Schoholtensen (la). "Vor fünf Jahren hat Siegbert Held bei mir angefragt, ob mich die WGS als Ortsvorsteher für Schoholtensen vorschlagen darf. Dem habe ich zugestimmt und übe dieses Amt seitdem gern aus", berichtet Wilhelm Riebe. Schließlich lege ihm, als waschechtem Schoholtenser, das Dorfleben sehr am Herzen.

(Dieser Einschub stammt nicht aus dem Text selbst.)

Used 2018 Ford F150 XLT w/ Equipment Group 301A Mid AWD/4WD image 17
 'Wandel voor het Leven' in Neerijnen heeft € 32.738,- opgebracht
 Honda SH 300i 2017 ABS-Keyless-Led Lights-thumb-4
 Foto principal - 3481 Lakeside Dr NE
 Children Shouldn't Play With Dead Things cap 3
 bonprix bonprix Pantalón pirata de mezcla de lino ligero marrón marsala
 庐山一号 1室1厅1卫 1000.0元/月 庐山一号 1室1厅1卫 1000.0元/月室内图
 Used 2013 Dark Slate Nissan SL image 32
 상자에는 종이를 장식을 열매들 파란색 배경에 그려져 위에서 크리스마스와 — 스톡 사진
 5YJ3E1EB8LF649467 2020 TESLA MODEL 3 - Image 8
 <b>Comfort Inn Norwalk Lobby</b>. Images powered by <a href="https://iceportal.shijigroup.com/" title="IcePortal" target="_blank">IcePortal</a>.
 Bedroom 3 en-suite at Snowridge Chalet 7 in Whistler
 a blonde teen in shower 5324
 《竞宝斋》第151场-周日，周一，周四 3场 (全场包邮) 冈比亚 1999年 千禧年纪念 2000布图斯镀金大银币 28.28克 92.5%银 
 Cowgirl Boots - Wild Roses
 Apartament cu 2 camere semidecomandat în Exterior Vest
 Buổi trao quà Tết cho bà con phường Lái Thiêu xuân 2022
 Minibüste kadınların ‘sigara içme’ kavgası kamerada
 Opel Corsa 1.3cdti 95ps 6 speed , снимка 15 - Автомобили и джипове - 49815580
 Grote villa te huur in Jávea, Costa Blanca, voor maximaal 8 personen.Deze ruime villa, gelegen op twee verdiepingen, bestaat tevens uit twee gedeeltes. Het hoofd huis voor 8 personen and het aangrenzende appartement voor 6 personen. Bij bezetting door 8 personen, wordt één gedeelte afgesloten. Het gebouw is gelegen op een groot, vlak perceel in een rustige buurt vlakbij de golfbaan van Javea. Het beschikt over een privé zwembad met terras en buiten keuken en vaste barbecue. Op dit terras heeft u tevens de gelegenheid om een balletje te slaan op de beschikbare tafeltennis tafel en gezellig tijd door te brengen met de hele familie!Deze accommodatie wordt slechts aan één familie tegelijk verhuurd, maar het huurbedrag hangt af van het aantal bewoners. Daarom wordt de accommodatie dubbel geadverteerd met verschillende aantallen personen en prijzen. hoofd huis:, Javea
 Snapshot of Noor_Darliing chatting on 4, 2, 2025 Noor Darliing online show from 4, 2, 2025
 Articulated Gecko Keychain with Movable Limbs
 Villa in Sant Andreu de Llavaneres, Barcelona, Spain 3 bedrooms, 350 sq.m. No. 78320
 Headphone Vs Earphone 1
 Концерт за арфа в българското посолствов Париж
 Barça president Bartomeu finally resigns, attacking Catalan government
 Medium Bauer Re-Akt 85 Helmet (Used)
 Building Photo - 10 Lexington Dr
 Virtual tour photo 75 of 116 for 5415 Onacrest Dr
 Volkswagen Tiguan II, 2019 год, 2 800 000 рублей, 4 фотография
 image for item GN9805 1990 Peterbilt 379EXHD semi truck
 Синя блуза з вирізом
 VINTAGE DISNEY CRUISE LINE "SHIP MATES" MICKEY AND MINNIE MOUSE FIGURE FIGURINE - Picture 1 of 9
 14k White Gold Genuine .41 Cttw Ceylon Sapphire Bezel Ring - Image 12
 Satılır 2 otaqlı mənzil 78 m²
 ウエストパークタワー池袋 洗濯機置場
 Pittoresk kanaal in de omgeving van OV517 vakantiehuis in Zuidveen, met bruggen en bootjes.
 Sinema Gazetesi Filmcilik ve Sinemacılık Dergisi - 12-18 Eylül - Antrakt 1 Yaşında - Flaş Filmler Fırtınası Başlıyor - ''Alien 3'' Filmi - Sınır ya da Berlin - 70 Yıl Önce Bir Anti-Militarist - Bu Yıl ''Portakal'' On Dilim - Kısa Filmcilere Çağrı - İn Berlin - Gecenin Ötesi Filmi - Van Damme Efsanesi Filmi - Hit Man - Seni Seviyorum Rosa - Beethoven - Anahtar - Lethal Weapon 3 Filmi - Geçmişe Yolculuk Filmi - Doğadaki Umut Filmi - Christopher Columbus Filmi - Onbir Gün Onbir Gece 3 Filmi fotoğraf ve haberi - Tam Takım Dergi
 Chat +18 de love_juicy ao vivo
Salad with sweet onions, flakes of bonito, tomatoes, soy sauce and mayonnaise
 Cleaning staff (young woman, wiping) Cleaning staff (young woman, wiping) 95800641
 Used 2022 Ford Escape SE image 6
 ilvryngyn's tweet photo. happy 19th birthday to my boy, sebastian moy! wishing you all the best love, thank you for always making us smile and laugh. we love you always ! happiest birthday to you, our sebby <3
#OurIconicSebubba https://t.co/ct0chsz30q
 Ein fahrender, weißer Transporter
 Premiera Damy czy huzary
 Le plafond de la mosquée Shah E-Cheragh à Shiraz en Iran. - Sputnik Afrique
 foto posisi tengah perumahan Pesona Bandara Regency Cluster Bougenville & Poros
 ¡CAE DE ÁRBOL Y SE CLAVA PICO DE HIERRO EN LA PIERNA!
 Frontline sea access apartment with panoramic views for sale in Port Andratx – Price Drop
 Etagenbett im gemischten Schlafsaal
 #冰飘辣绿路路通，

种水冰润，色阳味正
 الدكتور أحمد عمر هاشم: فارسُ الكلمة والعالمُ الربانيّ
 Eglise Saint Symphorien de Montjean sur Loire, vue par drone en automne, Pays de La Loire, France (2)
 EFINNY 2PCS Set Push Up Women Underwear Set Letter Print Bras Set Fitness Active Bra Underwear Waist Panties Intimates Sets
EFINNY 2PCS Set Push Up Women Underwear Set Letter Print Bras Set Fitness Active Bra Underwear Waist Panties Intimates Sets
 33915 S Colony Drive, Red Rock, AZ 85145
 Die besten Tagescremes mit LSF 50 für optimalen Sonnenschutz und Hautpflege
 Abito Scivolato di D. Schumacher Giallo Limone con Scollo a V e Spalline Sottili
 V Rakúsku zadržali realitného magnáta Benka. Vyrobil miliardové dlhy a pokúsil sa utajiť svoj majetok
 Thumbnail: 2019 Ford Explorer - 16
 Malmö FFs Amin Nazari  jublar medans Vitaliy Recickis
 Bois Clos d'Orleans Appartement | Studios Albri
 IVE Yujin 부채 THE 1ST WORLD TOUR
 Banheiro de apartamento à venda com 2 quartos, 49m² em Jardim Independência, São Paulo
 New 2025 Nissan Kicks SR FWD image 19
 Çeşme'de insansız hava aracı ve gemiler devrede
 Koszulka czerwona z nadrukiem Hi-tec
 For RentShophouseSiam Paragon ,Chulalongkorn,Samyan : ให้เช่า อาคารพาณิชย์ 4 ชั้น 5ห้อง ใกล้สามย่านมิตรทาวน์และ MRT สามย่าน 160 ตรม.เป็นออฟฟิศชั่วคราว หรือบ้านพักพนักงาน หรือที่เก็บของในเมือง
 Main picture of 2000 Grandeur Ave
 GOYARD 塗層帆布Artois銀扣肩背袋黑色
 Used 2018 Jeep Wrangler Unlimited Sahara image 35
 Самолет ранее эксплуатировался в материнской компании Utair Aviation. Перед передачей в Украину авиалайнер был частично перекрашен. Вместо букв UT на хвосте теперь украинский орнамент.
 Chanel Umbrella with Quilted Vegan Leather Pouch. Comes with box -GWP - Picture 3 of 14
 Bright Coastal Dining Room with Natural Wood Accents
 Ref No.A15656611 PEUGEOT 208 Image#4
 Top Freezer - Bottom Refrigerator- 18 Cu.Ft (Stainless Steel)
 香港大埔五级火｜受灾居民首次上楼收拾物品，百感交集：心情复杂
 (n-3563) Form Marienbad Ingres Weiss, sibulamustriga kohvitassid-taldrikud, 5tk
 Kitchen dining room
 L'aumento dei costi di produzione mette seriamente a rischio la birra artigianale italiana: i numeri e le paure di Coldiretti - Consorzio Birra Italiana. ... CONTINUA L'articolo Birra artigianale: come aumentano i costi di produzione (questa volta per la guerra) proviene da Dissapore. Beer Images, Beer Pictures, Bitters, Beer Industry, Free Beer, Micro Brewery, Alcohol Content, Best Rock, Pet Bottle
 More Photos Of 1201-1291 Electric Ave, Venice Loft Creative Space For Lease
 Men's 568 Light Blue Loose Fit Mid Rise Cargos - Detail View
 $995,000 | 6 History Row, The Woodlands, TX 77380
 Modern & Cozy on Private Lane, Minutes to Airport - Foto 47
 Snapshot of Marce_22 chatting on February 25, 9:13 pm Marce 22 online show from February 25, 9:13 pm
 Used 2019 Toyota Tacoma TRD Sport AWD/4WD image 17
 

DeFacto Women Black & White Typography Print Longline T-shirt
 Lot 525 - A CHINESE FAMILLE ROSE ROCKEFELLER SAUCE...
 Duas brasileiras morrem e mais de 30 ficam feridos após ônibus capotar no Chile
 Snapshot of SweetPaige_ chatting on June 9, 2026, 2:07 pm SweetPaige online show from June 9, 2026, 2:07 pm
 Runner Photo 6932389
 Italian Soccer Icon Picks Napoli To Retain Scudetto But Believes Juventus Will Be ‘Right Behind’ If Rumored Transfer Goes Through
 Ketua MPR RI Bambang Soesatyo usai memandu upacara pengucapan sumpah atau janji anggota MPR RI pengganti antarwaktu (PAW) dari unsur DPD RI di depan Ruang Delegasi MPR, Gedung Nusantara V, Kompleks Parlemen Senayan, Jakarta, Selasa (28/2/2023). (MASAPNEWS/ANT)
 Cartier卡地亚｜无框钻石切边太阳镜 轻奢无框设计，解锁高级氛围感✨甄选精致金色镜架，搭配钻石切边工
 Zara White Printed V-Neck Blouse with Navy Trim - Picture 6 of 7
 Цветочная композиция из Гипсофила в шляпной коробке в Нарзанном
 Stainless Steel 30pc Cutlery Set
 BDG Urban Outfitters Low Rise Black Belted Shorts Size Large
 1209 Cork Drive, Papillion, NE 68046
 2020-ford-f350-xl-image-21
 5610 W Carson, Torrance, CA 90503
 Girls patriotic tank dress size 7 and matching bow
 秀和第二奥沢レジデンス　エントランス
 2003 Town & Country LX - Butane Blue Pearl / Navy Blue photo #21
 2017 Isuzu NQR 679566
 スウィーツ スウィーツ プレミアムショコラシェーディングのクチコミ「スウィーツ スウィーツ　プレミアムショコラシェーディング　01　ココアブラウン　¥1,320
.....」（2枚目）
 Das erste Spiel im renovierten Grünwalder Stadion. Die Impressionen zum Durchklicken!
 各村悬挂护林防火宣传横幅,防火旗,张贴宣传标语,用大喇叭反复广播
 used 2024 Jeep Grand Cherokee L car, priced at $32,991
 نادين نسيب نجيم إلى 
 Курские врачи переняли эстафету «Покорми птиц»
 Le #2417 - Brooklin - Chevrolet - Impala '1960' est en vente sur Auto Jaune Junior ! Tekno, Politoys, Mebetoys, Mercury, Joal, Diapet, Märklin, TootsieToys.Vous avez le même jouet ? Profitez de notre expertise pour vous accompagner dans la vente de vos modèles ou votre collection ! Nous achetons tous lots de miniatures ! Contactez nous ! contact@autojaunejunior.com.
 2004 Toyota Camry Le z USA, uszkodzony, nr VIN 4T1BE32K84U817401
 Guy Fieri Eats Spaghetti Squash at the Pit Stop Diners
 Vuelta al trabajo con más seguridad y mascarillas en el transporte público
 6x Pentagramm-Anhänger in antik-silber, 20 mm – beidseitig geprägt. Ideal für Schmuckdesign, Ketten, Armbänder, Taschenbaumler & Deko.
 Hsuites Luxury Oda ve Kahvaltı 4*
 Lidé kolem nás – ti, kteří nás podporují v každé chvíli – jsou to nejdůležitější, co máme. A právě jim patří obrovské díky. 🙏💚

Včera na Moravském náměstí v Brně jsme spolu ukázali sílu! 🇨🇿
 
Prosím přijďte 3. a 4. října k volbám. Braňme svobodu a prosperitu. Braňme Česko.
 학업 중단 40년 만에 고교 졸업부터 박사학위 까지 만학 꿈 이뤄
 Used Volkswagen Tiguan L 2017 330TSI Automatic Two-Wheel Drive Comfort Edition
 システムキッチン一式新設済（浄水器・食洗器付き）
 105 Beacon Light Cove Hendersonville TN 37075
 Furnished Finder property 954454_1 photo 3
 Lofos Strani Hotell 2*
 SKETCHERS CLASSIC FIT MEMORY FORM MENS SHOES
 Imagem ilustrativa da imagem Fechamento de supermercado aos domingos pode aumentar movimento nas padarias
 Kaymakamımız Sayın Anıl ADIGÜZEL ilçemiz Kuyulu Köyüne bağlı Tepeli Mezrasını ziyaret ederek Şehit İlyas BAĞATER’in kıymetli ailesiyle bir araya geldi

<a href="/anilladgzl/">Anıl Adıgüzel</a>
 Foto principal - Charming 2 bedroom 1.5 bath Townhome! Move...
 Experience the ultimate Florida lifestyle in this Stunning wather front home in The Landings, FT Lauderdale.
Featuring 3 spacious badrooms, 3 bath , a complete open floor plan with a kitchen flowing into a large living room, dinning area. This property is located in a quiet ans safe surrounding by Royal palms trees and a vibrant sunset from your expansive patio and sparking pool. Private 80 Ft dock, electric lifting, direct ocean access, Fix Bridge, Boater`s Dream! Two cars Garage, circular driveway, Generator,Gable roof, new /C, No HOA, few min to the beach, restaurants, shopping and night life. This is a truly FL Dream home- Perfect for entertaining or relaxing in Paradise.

veröffentlicht am 30.10.2006 um 00:00 Uhr

Der 44-Jährige ist seit 1978 Mitglieder der Ortsfeuerwehr Schoholtensen, war acht Jahre lang Gruppenführer und ist seit zwölf Jahren Ortsbrandmeister. "Da engagiert man sich auch über das Feuerwehrwesen hinaus für das Dorf", stellt Riebe fest. Vor fünf Jahren ist Wilhelm Riebe schließlich auch in die WGS eingetreten. "Das musste ich schon, da mich die WGS ja auch als Ortsvorsteher vorgeschlagen hatte", berichtet Riebe. Bei der Gemeinderatswahl 2006 habe er dann auch für die WGS kandidiert. "Mein Ziel war es zwar nicht, Gemeinderatsmitgliedzu werden, aber schließlich wollte ich Ortsvorsteher bleiben", begründet Riebe seinen Entschluss. Da er auf dem letzten Listenplatz stand, rechnete er nicht mit einer Wahl zum Ratsherren. "Ich war dann aber angenehm überrascht, dass mich 115 Bürger gewählt haben." Besonders am Herzen liegen ihm natürlich das östliche Auetal und das Feuerwehrwesen. "Wir müssen uns für einen Geh-Radweg zwischen Altenhagen und Schoholtensen einsetzen, um die Verkehrssicherheit in diesem Bereich der L 443 zu verbessern", fordert Riebe. Außerdem müsse in den kleineren Ortschaften mehr investiert werden, um sie überlebensfähig zu machen. "Immer mehr junge Leute ziehen hier weg", stellt Riebe fest. Sie bekämen in ihren Heimatdörfern keine Bauplätze und auch die Arbeitsplätze würden fehlen. "Wir müssen der Dorfflucht etwas entgegensetzen", sagt Riebe. So müssten Lückenbebauungen ermöglicht werden und im Rehrener Industriegebiet weitere Firmen angesiedelt und damit Arbeitsplätze geschaffen werden. Als Gemeindesicherheitsbeauftragter und Ortsbrandmeister in Schoholtensen will sich Riebe verstärkt für die Feuerwehren einsetzen. "Hier ist in den vergangenen Jahren schon viel geschehen, um den Feuerwehren ihre schwere Arbeit zu erleichtern. Aber darauf darf man sich nicht ausruhen", so Riebe. Als Mitglied des Schützen- und Kegelvereins liegt Riebe natürlich auch das Auetaler Vereinsleben am Herzen. Wilhelm Riebe ist seit 1987 verheiratet und hat mit seiner Ehefrau Petra den 18-jährigen Sohn Christian. Seit 21 Jahren führt der Versicherungskaufmann das LVM-Büro in Apelern und arbeitet als LVM-Vertrauensmann.